South Shore Stars hopes to change that.
The nonprofit education program will open a new school for students who have a variety of learning differences in the fall of 2024. The Stars School & Learning Center will serve as a private, nonprofit day school for children in first through fifth grades.
“This is for kids who may have a diagnosis of dyslexia or a language-based learning disability and need a structured, systematic and focused literacy program and targeted, personalized skills,” Curtis, the organization's executive director, said.
South Shore Stars is in the process of purchasing a 30,000 square foot, multipurpose building at 163 Libbey Parkway in Weymouth. It is currently fundraising to support the new school.

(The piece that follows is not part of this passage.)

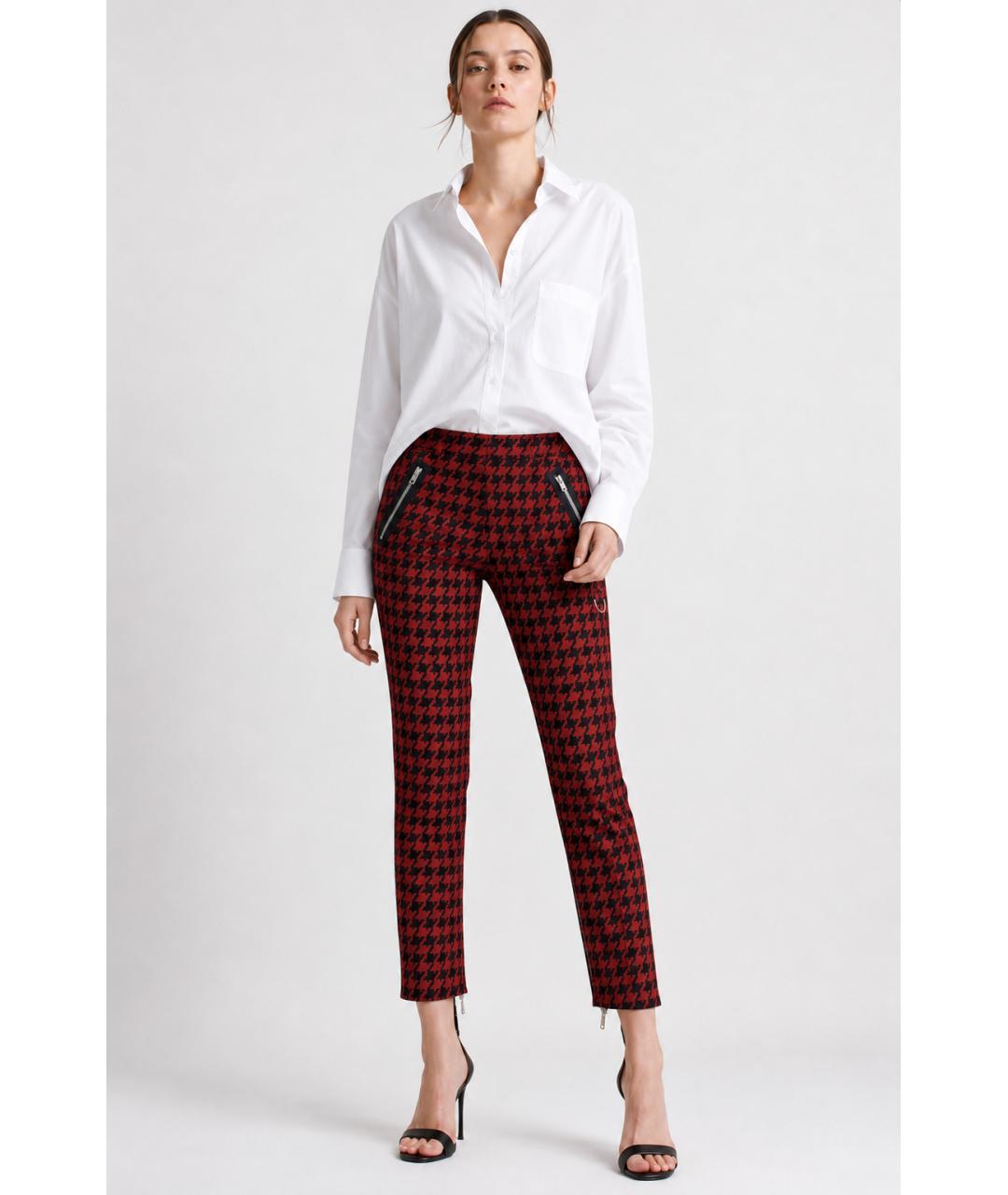 STELLA MCCARTNEY Бордовые хлопковые брюки узкие, фото 9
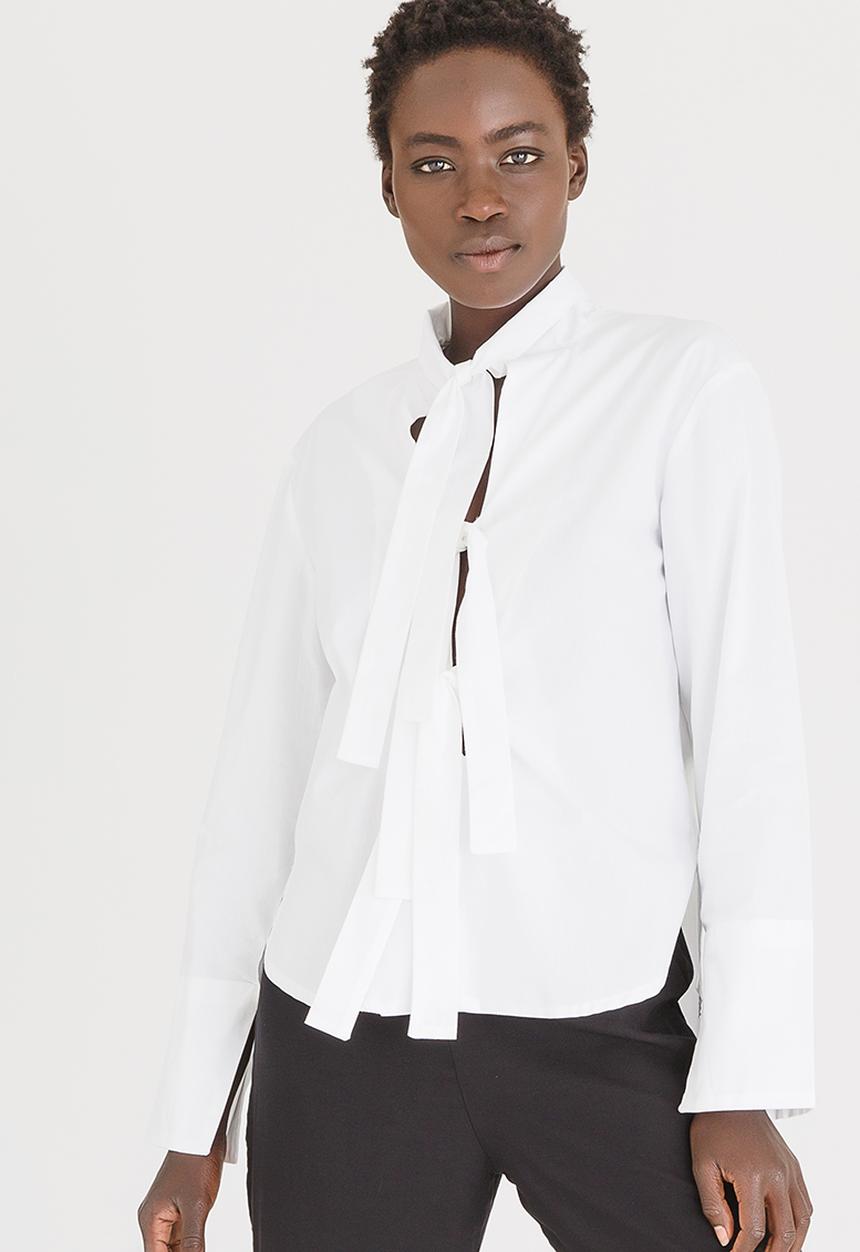 Somerset Jane - Blair Collar Shirt White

Certified and licensed teachers will work with students with dyslexia or language-based learning differences through an innovative and evidence-based curriculum. At full enrollment, Stars School & Learning Center will serve 100 students.Curtis said feedback from parents and educators in the area pushed the organization to create a program focused on building strong literacy skills in reading, writing and spelling.
"Our vision is to become a leading independent school in children’s education, social emotional and individualized growth," she said. "It might be for kiddos who may not be having their needs met in public school, or it be for a child where the family recognizes it's the type of curriculum they need to learn well."
Data from the state Department of Elementary and Secondary Education shows that one in four students on the South Shore with a disability qualify for specialized teaching. Many public school systems lack the resources or dedicated staff for students with language-based learning disabilities or dyslexia.Curtis said options for schools focused specifically on these language challenges are limited. Many families currently travel a minimum of 30 miles each way to access educational programming designed exclusively for students with learning differences.
Curtis, who previously served as superintendent in Weymouth, said the goal is to be a partner with public schools on the South Shore and give students the tools they need to transition back into public school with their neighborhood peers.
"Given my past position, I have an interesting lens coming at this," she said. "We want to be a partner."